# Can you board an un fixed dog?



## Emma&Tilly (May 15, 2005)

It would be a pretty rubbish boarding facility that couldn't cater for an intact dog. I can't imagine they would cut off a good deal of their target market by not allowing them! Why would they anyway? It makes a dog with its testicles sound like an alien species! Hope you find one!


----------



## RedDogs (Jan 30, 2010)

Call and ask. 

There definitely are some very reputable and very NOT reputable kennels who will board intact dogs.


----------



## ILoveMyGolden (Oct 19, 2006)

Joey can vacation with us if we're on the way to your vacation!

I would call the two places and ask, surely they would take intact males and know who he can hang around with while there!


----------



## iansgran (May 29, 2010)

The place I am taking Jaro to board will board intact males but they don't let them into the doggy play area with the other dogs. They do have some very nice large rooms, and a person who can take you dog to a big room to play with one on one for a few dollars more.


----------



## GoldenSail (Dec 30, 2008)

I think they exist but it may be difficult to find one--particularly in a small town. I think most people aren't familiar or comfortable with an intact dog because most dogs these days are neutered or spayed.


----------



## LauraBella (Feb 9, 2010)

Call, and call soon. Just in case they have a limit on how many intact doggies they keep at once. (I mean, this makes sense in my head, anyway.)


----------



## Megora (Jun 7, 2010)

Honestly... there are only two places I'd trust taking care of my guy, and that's not just about him being intact. 
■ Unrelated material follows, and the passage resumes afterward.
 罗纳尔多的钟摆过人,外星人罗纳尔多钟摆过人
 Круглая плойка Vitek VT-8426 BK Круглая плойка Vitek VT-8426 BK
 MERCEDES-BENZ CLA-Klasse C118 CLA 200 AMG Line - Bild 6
His breeder would be one. The other is our vet. 

His breeder has a very nice kennel with nice big runs. Plus I do trust the people there to take good care of him. They've encouraged us to bring him back if we ever need to board him somewhere. 

The vet does not have the same amount of space (runs, etc) and I wouldn't leave him there longer than a day for that reason, but he knows all of the people there and would be comfortable hanging out with them. 
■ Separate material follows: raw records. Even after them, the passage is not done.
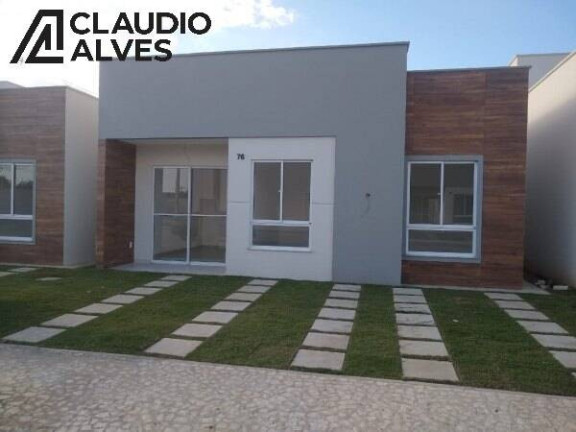 Imagem Casa de Condomínio com 3 Quartos à Venda, 90 m² em Sim - Feira De Santana Imagem Casa de Condomínio com 3 Quartos à Venda, 90 m² em Sim - Feira De Santana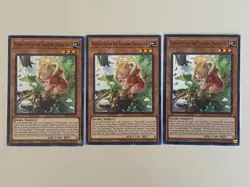 Yugioh Vernusylph of the Thawing Mountains - LP - Plus Free Holo Card - Image 1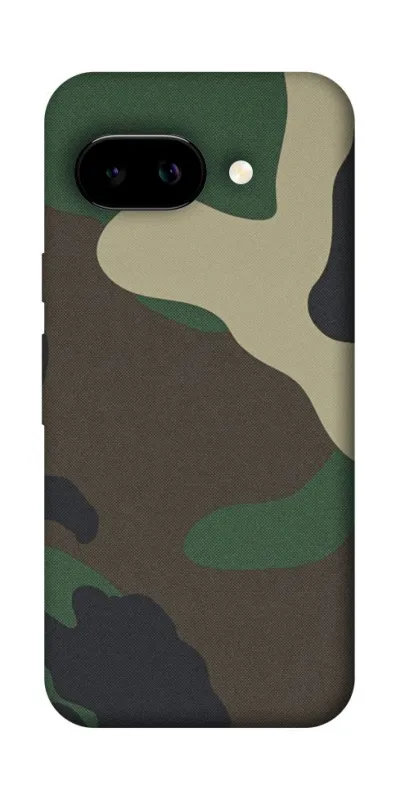 Чохол на Google Pixel 9a Camouflage v8 фото 1 з 1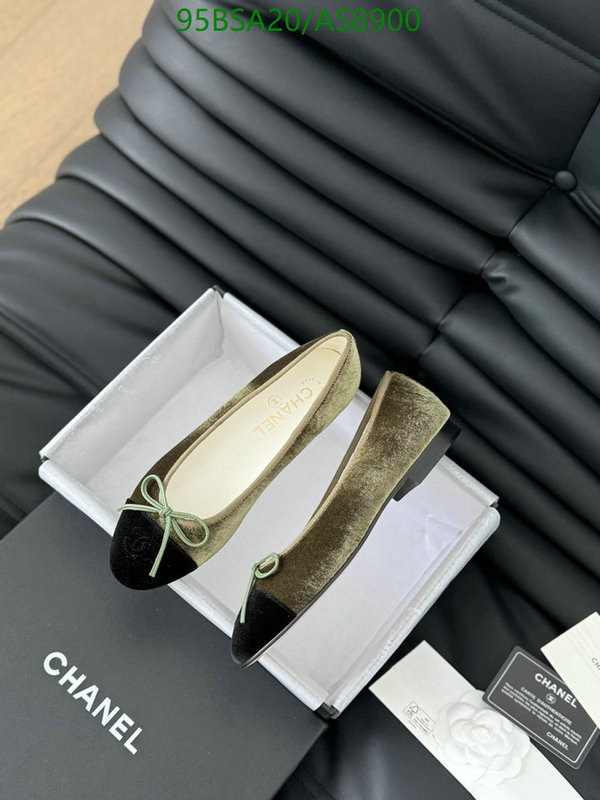 Chanel-Women Shoes Code: AS8900 $: 95USD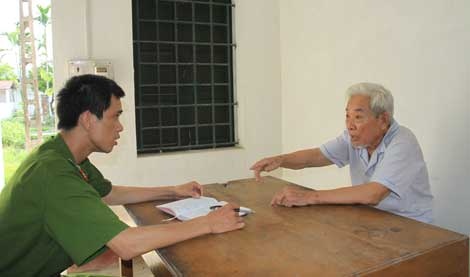 Ong lao 85 tuoi giet vo vi ghen hinh anh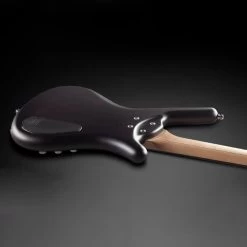 Warwick RockBass Corvette Basic 5-String Left-Handed Bass, Nirvana Black Transparent Satin 5 Warwick RockBass Corvette Basic 5-String Left-Handed Bass, Nirvana Black Transparent Satin -Musical Instrument Store warw rb corv5 nbts lf 3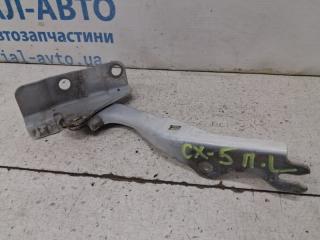 Петля капота левая Mazda CX 5 2011-2017 Б/У Петля капота левая Mazda CX 5 2011-2017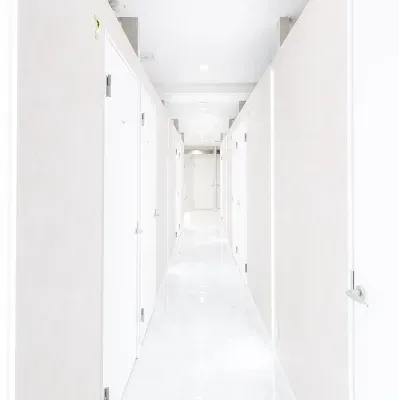 WINCLINIC 全国4院の都度払いの医療脱毛を受ける医院の院内の様子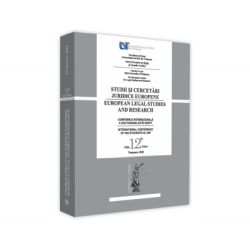 Conferinta internationala a doctoranzilor in drept, Timisoara, 2020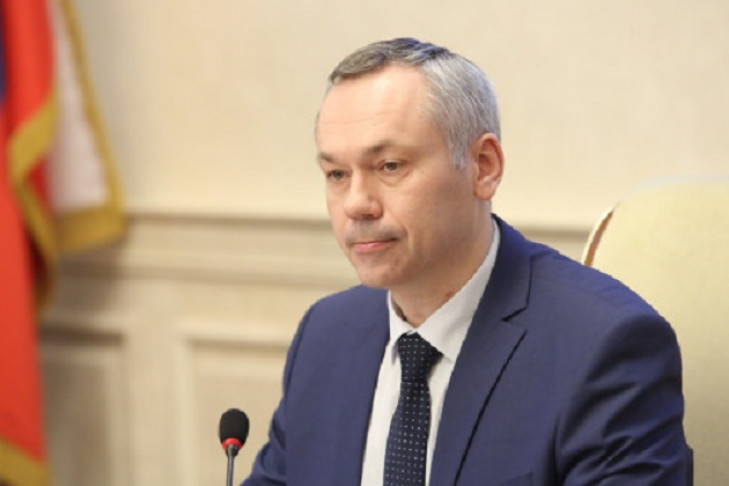 Губернатор Андрей Травников упрочил позиции в «Национальном рейтинге»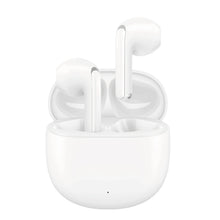 Заредете изображение във визуализатора на галерията – TWS Joyroom Funpods Series JR-FB1 Bluetooth 5.3 wireless headphones - white
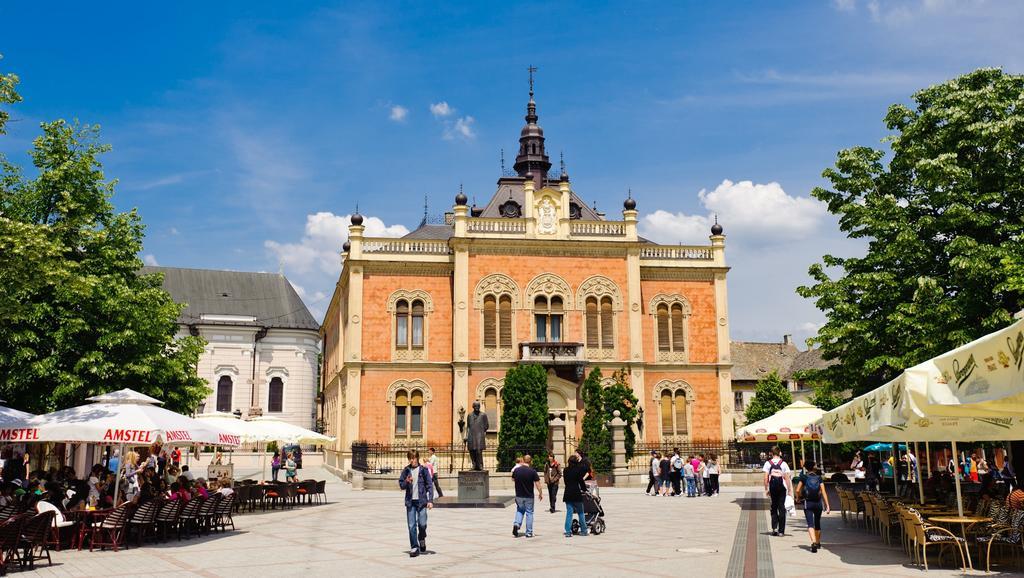 Family Top Rooms Bela Lada Sobe Novi Sad Dış mekan fotoğraf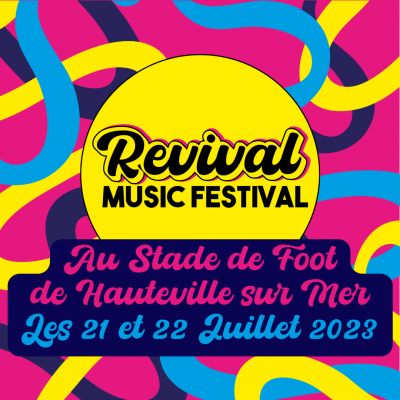 festival revival music tour 2023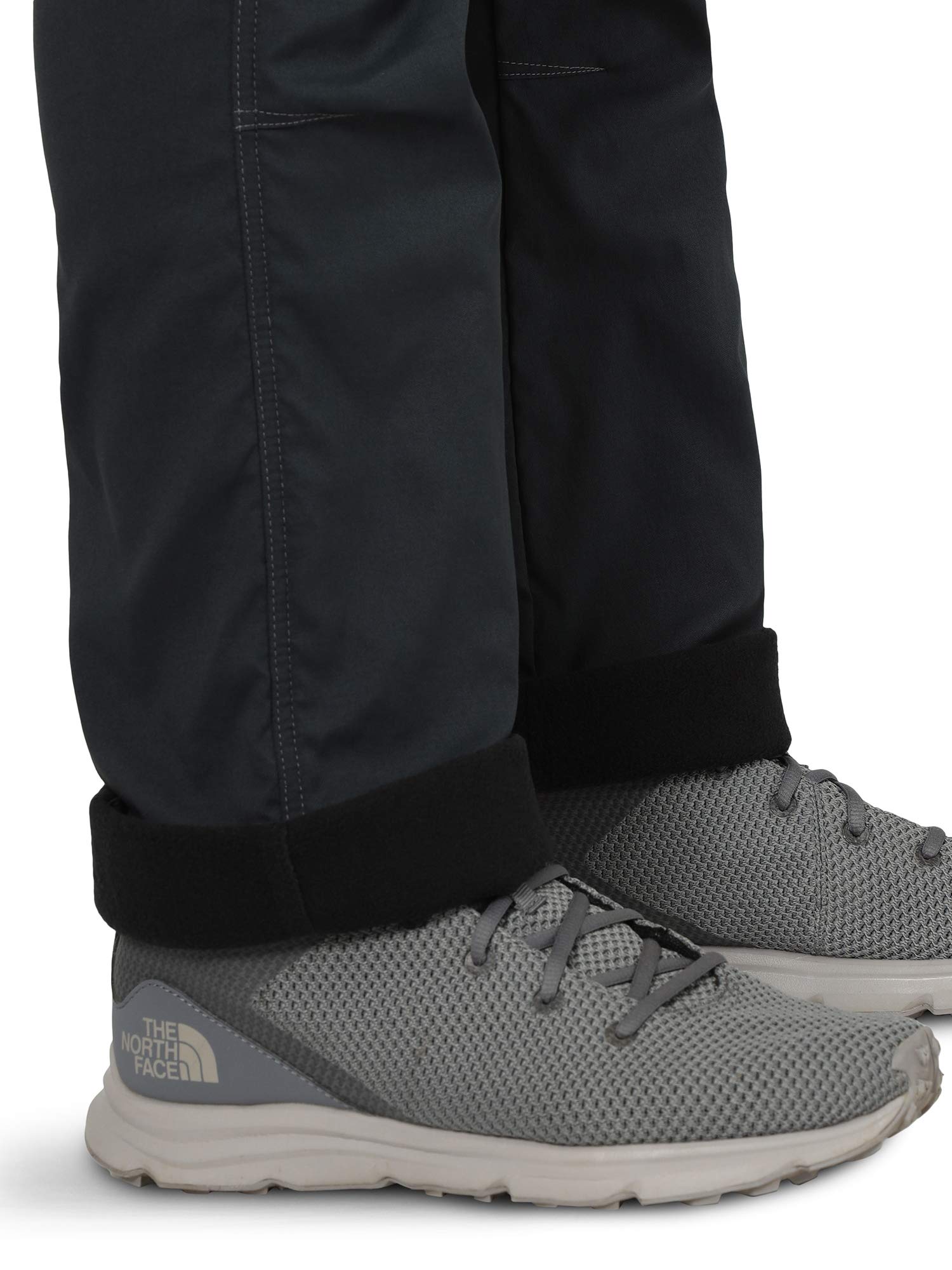 ATG by Wrangler Men's Fleece Lined Utility Pants - Winter Work Pants with Warm Fleece Lining for Outdoor Jobs, Construction & Cold Weather Activities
The collie would be the same way, in that the foster who had him before us would be perfectly happy taking care of him if my sister and her hub and my family were all out of town.
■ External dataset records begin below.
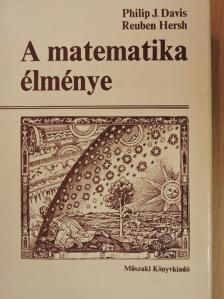 Philip J. Davis - A matematika élménye [antikvár]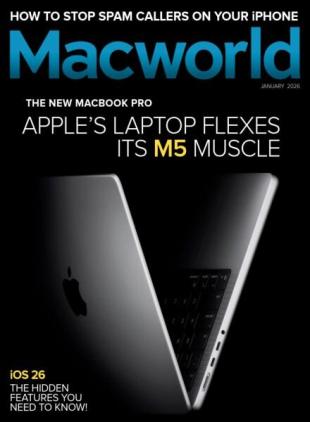 Macworld UK - January 2026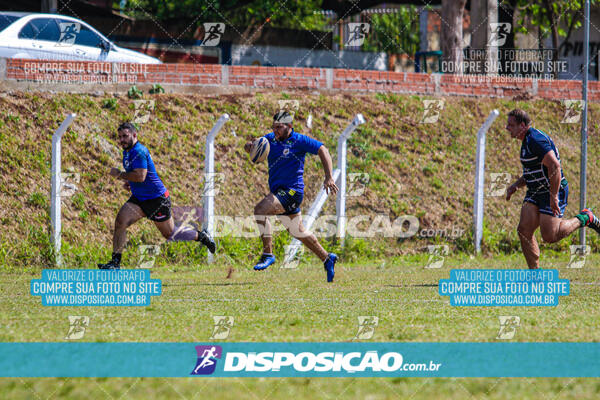 I Etapa do Paranaense de Rugby 7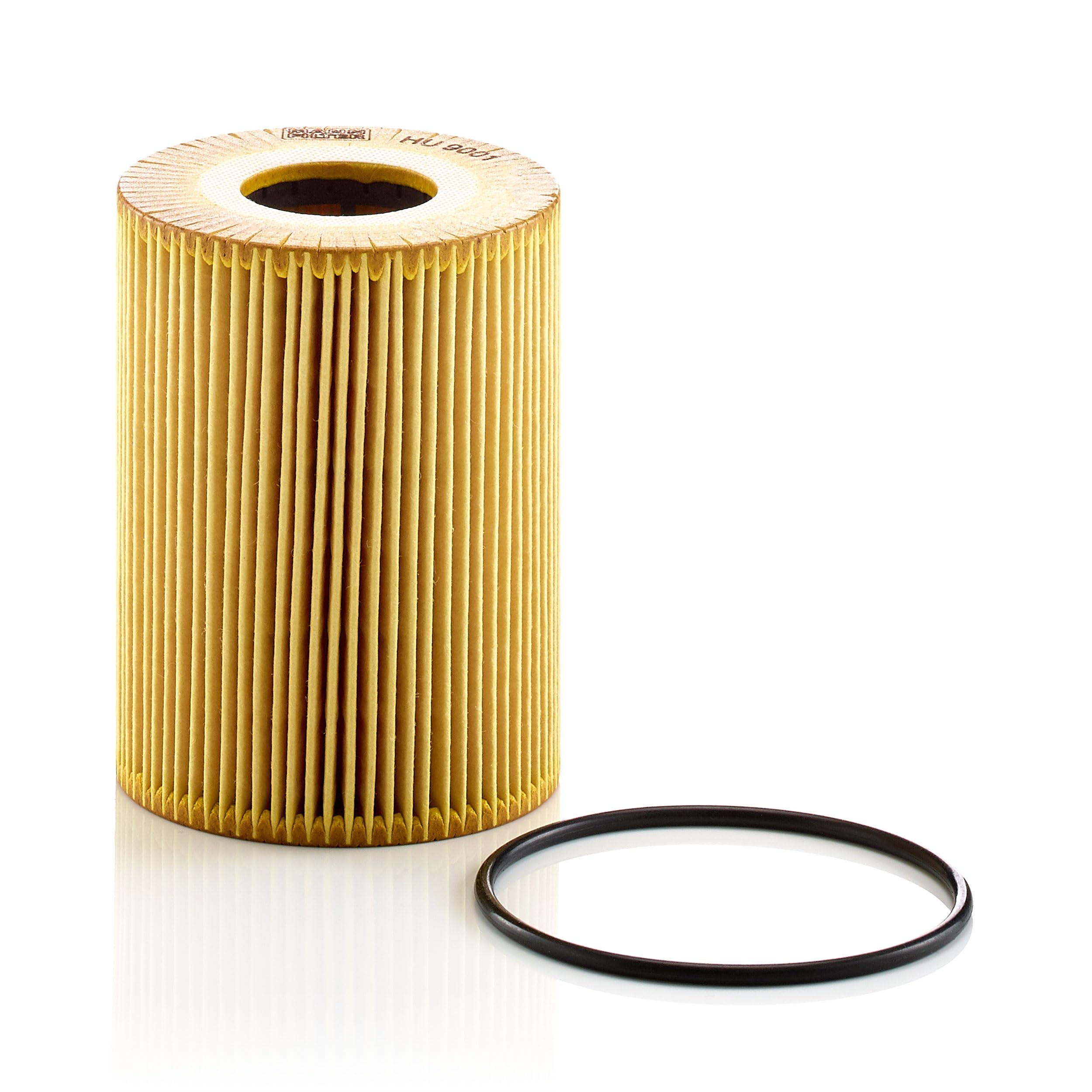 Mann Filter HU 9001 x Cartridge Oil Filter Replacement Compatible With Porsche 911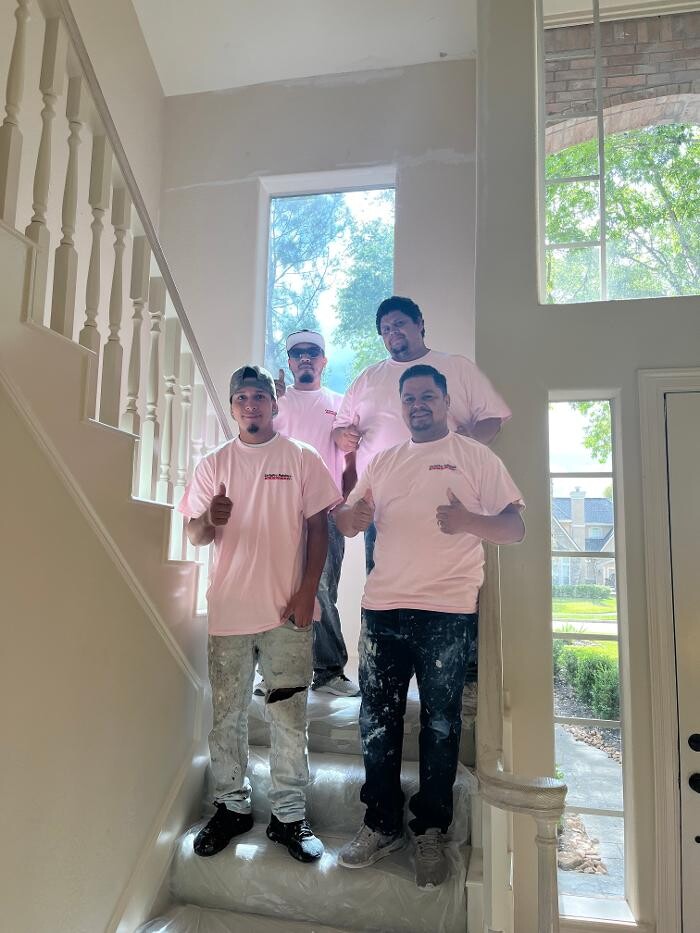 Images CertaPro Painters of Central Fort Bend, TX
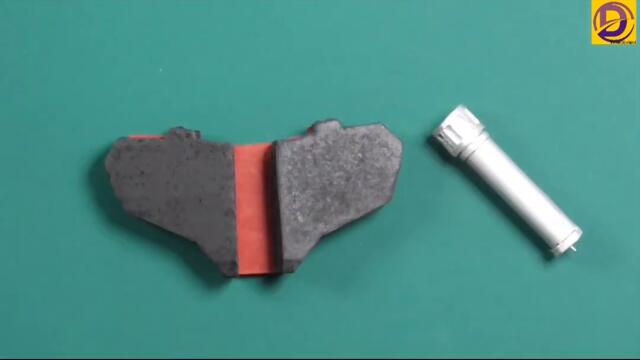 FUNCTIONAL SPIDER MAN ps4 web shooter | how to make SPIDER MAN ps4 web shooter #shorts  #spiderman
The other option is to change your summer vacation travel plans to include the dog. That's pretty much what we've done for the past 20 years or so...


----------



## MyBuddy22 (Oct 29, 2010)

yeah, I boarded Bauer 2 weeks ago. He was only 5 months. We boarded him at his vets. He gets fixed at the end of the month tho =)


----------



## LauraBella (Feb 9, 2010)

Would you consider a dog sitter as an alternative?


----------